The Sabine Promenade is lined with bike paths and walking trails, is heavily landscaped and lit with lights that change from white to blue depending on the phases of the moon.
“What was really a problem for us is that Buffalo Bayou is below grade and under a lot of freeways, especially downtown, so visibility has been a big part of what we tried to address,” Olson said.
Olson said the project has won 12 local, state and international design awards.
“One of the things they (award judges) said is it shows how parks can be developed in very difficult locales,” she said. “They saw that it was pretty much an achievement that we could build something aesthetically pleasing under all these highways.”
The promenade portion cost $12 million, though it was originally budgeted at $15 million. It included $3 million raised privately by the partnership, plus state transportation funds, money from the city and the flood control district.
She said the lighting, which cost $500,000, was intended not only for its aesthetic beauty but to help make people feel safe; the promenade’s design created long sight lines for the same reason.
“The landscape designer,” she said, “wanted people to feel safe.”
Now, she said, residents of a nearby loft development use the trail to walk to work, and nearby theaters generate use of the paths at night.
Olson stressed the importance of public/private and inter-agency partnerships, master planning with public input and a lot of patience.
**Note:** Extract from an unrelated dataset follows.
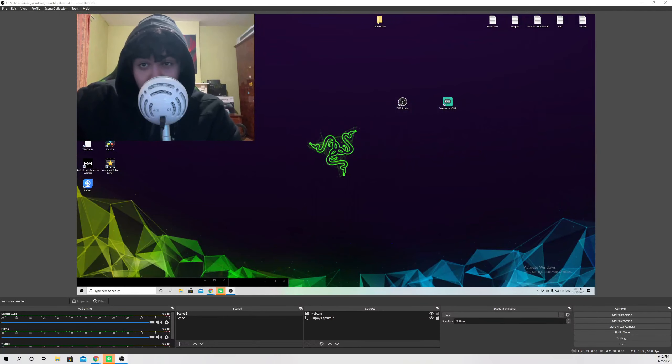Hello guys, today I'm going to show you how you can go ahead and crop your webcam. It's really easy to do, and I'm also going to show you a couple other tips which you can do.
“This kind of work takes a really, really long time,” she said. “It doesn’t happen overnight, you have to be very patient, very persistent.”
Rhorer said the Greenway here may have to be done in segments, and that it could take years to complete. He noted, though. that much of the route is already publicly owned and the DDD’s experience with the its Wayfinding Signage program downtown was that there wasn’t a lot of difficulty getting rights of way.
Possible funding sources at this point are up in the air, but downtown projects have been successful in the past at pulling in funding from local, state and federal sources. Rhorer said private donations could also be solicited.
The cost, he said, would depend heavily on what kind of amenities the community decides it wants. A modest trail could be a couple million dollars; something more ambitious could cost far more.
The DDD recently took about $5,000 from planning funds under the Visitors Amenity Plan and hired ABMB Engineers to do an engineering assessment of the route, looking at what changes may need to be made along the path, what specifically would be the best route and where the project could be broken into segments.
Rhorer said he sees no reason why work couldn’t begin in the next two or three years."